Le ministre des Finances, Raymond Bachand, a haussé d'un autre cran, lundi, la rhétorique du Québec dans sa lutte contre le projet fédéral de mettre sur pied un organisme pancanadien de réglementation des valeurs mobilières.

«Le gouvernement fédéral n'a pas le droit de légiférer dans ce domaine qui relève des compétences du Québec», a-t-il déclaré dans un discours prononcé dans le cadre d'un événement organisé par l'Autorité des marchés financiers (AMF), à Montréal.

M. Bachand n'a pas hésité à laisser entrevoir sa frustration: le gouvernement de Stephen Harper «semble vouloir forcer le jeu» avec son renvoi en Cour suprême sur le sujet, a-t-il dénoncé.

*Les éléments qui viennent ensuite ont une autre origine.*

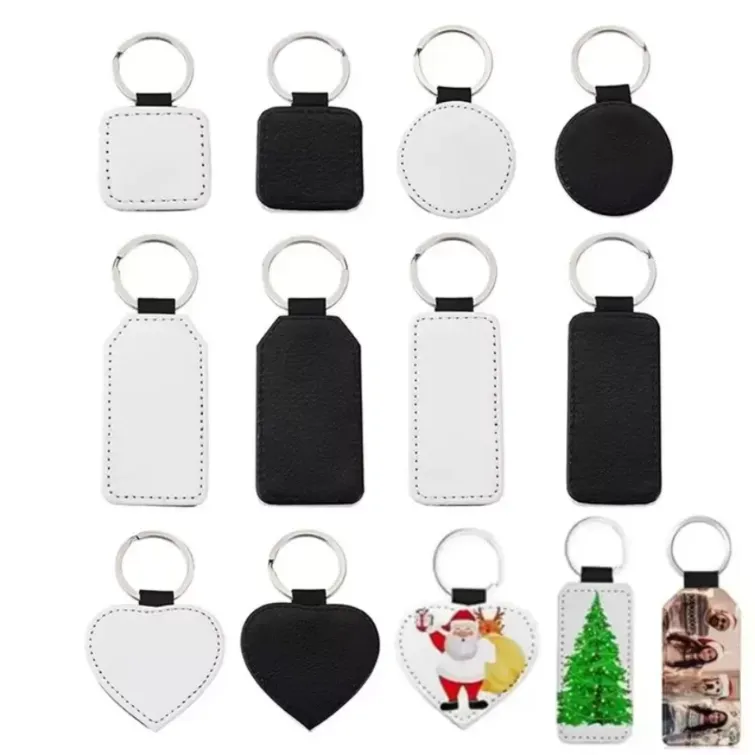 Sublimationsrohlinge PU-Leder-Schlüsselanhänger mit Schlüsselring aus Metall, einseitig bedruckt, Wärmeübertragung für Weihnachts-Schlüsselanhänger, DIY-Zubehör FY3566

«Ottawa a décidé d'ignorer le renvoi du gouvernement du Québec en Cour d'appel pour s'adresser directement à la Cour suprême, a déploré le ministre. Selon plusieurs, il s'agit d'une stratégie qui vise à renverser le fardeau de la preuve, parce que plutôt que de venir défendre la légalité de son projet en Cour d'appel, il nous engage plutôt à démontrer son illégalité en Cour suprême, mais nous le ferons.»

Le gouvernement de Jean Charest a assuré la semaine dernière qu'il maintiendrait son renvoi en Cour d'appel malgré le geste d'Ottawa, mais plusieurs experts estiment que le plus haut tribunal du Québec refusera de l'entendre du fait qu'Ottawa saisira la Cour suprême du même dossier.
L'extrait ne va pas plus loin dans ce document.